● **WHAT IS REQUIRED**
Scan the records below for the word "Store". Copy each line where it appears.

● **SUPPLIED RECORDS**
┌──
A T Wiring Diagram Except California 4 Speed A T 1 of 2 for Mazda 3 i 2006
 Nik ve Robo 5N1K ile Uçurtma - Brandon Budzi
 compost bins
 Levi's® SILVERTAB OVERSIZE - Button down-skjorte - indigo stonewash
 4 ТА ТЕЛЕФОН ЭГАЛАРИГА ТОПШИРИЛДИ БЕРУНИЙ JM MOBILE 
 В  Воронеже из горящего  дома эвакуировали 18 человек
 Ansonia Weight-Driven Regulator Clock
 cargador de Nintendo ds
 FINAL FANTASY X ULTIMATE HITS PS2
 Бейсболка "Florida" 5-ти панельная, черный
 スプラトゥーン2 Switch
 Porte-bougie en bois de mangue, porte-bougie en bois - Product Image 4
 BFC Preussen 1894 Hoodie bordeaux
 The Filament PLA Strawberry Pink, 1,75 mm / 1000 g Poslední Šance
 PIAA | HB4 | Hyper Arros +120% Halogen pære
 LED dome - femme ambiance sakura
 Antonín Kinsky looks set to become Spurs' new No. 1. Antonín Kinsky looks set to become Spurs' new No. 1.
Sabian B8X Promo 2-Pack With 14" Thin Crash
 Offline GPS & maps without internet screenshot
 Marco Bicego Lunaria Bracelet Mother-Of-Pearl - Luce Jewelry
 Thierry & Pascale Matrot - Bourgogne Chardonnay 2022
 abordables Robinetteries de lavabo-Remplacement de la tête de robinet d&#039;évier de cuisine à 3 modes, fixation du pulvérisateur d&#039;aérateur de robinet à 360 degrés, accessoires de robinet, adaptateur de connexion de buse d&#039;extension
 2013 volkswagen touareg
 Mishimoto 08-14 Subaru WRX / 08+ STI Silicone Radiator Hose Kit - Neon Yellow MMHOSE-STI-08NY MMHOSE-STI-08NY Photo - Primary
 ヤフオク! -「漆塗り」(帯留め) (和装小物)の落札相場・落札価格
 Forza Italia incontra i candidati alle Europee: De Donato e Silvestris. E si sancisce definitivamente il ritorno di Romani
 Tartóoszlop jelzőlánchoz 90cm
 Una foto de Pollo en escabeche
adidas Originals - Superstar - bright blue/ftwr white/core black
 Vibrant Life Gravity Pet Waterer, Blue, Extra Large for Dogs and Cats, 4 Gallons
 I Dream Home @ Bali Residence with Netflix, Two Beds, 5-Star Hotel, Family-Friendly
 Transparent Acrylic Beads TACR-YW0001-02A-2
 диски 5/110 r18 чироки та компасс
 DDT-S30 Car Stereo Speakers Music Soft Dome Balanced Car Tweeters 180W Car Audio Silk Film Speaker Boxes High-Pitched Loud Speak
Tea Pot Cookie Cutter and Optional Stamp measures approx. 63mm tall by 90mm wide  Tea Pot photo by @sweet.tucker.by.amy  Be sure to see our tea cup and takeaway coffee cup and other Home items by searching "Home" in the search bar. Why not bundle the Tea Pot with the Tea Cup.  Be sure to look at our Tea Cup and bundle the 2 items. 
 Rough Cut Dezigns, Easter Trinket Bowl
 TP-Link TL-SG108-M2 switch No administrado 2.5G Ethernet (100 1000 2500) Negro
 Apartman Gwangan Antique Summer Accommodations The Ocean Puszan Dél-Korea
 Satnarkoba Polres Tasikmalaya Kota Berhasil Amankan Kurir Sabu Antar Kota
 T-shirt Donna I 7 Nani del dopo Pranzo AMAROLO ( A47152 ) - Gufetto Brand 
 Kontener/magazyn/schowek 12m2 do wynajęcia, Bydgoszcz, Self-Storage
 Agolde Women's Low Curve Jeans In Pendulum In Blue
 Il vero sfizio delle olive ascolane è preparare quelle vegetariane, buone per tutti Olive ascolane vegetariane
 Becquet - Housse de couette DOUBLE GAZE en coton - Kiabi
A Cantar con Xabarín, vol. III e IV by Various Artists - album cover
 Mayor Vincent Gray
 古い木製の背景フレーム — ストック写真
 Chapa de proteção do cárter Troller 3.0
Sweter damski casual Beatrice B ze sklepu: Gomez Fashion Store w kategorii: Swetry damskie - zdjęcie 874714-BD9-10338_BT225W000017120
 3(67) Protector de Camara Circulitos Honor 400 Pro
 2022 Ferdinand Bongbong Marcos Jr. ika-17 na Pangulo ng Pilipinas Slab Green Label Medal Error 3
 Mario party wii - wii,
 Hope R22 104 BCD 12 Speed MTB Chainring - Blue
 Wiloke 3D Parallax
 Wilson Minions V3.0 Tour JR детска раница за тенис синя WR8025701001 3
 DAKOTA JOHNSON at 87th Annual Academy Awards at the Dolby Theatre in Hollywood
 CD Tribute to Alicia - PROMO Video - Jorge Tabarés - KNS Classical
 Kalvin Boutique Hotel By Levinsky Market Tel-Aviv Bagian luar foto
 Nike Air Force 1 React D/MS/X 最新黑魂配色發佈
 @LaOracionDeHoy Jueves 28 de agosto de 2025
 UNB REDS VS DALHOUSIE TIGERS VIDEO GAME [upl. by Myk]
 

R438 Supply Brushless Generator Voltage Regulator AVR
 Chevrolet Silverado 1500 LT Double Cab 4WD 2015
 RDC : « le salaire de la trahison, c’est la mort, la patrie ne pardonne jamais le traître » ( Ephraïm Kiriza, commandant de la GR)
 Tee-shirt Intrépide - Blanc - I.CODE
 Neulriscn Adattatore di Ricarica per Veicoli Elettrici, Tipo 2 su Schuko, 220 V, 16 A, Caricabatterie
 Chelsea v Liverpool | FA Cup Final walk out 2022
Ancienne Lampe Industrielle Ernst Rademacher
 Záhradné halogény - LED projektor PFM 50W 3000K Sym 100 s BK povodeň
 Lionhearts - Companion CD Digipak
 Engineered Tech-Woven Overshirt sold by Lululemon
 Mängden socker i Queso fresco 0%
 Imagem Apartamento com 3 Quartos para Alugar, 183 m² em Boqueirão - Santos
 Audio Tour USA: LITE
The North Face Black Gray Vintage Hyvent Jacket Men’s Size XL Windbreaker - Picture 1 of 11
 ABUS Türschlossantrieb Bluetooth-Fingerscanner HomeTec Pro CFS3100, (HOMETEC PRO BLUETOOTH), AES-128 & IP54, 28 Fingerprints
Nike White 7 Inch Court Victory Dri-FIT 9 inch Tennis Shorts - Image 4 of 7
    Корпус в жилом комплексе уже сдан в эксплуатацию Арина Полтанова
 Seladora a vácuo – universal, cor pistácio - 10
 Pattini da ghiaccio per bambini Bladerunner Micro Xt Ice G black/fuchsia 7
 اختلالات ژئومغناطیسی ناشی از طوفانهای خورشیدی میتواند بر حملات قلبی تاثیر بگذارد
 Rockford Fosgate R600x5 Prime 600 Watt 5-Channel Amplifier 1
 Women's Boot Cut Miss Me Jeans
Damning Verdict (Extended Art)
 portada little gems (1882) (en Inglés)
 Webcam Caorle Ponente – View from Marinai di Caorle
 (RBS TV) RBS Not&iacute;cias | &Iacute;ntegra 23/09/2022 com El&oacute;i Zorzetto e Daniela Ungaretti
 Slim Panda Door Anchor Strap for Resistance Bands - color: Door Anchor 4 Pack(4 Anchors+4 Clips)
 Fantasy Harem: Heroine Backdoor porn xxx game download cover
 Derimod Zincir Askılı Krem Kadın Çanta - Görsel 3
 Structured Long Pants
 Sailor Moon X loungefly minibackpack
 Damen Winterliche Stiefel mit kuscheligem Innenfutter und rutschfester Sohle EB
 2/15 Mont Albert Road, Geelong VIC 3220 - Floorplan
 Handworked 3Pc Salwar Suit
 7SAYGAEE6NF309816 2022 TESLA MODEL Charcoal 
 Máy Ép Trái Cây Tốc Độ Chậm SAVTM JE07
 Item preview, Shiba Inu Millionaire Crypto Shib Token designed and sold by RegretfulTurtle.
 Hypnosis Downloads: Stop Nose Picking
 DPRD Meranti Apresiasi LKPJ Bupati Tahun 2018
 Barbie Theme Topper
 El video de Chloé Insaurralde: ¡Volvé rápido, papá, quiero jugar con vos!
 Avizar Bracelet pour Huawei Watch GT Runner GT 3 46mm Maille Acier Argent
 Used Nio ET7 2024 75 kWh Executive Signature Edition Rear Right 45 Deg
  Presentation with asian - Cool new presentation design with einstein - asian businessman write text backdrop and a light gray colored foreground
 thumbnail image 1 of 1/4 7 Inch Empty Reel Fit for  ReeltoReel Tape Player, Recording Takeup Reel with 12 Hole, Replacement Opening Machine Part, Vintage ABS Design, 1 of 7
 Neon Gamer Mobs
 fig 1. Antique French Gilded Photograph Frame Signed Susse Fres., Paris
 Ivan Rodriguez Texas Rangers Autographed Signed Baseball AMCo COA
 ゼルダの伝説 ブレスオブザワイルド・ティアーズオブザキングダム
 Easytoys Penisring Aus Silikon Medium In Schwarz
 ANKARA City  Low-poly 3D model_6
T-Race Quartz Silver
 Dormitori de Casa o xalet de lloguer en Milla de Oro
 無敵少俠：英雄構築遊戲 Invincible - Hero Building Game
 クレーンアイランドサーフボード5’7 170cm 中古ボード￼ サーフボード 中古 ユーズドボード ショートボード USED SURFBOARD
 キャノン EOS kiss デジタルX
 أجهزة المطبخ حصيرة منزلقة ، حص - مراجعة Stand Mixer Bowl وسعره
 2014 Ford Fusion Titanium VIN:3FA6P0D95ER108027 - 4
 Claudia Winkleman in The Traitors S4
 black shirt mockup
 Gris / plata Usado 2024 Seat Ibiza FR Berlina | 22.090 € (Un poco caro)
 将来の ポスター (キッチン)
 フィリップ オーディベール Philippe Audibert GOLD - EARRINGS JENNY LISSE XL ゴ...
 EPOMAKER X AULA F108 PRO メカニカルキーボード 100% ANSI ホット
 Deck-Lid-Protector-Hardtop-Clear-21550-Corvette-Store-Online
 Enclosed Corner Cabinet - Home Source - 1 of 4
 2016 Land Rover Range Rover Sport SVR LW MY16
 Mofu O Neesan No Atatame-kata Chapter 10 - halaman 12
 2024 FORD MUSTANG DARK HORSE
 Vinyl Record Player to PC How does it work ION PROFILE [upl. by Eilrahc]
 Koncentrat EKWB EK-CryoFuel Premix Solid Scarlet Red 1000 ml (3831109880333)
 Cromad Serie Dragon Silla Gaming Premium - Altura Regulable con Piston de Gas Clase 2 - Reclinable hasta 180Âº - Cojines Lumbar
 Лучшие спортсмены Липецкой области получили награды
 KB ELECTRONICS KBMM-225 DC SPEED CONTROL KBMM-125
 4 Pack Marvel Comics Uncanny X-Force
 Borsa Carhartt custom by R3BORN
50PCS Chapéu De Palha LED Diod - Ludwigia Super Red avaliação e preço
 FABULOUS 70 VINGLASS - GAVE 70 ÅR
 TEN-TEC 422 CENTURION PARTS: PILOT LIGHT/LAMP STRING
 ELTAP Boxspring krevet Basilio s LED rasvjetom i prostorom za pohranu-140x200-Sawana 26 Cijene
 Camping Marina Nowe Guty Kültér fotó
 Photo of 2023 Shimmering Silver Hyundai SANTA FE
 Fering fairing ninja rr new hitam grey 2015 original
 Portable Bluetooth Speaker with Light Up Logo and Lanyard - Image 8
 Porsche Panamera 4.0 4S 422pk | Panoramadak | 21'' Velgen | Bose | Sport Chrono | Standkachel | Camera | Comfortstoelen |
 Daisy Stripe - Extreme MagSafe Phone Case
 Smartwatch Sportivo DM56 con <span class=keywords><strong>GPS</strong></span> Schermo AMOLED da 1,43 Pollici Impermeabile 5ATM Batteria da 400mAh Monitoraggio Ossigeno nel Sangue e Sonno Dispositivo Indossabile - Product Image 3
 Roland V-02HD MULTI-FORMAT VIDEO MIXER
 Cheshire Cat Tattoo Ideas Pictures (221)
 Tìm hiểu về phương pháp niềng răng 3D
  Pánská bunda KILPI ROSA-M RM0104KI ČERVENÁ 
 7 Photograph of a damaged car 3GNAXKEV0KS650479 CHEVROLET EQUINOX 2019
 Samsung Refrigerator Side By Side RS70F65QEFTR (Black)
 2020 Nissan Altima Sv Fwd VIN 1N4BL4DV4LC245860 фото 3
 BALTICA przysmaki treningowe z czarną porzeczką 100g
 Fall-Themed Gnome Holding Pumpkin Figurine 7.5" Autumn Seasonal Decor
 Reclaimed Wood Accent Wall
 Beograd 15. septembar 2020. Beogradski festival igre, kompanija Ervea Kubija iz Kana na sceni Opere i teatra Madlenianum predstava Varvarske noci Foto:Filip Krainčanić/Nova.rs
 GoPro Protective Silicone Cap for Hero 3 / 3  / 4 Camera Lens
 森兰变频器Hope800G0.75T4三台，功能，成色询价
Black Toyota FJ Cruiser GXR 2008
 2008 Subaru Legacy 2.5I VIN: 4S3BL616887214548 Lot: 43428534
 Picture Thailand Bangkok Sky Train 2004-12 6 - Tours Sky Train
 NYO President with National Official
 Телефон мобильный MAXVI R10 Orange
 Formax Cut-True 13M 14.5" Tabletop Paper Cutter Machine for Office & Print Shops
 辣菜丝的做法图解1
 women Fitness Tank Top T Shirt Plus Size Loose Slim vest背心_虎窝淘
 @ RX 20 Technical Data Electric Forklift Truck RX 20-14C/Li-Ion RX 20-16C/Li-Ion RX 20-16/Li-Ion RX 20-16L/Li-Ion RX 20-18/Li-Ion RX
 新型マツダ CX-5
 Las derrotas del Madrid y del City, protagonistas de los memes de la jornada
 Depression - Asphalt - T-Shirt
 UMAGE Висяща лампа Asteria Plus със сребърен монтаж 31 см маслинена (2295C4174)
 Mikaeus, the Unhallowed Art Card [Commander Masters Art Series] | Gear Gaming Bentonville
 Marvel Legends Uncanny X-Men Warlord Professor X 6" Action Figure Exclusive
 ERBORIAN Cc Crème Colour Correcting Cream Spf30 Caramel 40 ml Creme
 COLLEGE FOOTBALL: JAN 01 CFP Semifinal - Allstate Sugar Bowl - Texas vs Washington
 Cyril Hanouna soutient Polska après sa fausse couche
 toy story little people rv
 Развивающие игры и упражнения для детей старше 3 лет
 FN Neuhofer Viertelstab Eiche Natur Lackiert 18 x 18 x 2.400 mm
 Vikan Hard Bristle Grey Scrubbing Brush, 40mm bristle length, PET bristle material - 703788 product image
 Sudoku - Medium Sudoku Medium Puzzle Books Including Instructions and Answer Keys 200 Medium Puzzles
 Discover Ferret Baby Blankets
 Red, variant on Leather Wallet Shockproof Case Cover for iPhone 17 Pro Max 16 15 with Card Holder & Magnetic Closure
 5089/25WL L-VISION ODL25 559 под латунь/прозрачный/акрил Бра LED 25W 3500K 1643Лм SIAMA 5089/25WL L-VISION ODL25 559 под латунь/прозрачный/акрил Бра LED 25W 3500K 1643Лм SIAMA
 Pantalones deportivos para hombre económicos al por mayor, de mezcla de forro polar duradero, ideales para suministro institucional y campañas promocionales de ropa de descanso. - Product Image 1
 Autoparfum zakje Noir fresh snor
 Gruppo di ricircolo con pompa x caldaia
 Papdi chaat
└──
● **WRITTEN RESPONSE**
Sweter damski casual Beatrice B ze sklepu: Gomez Fashion Store w kategorii: Swetry damskie - zdjęcie 874714-BD9-10338_BT225W000017120
 Deck-Lid-Protector-Hardtop-Clear-21550-Corvette-Store-Online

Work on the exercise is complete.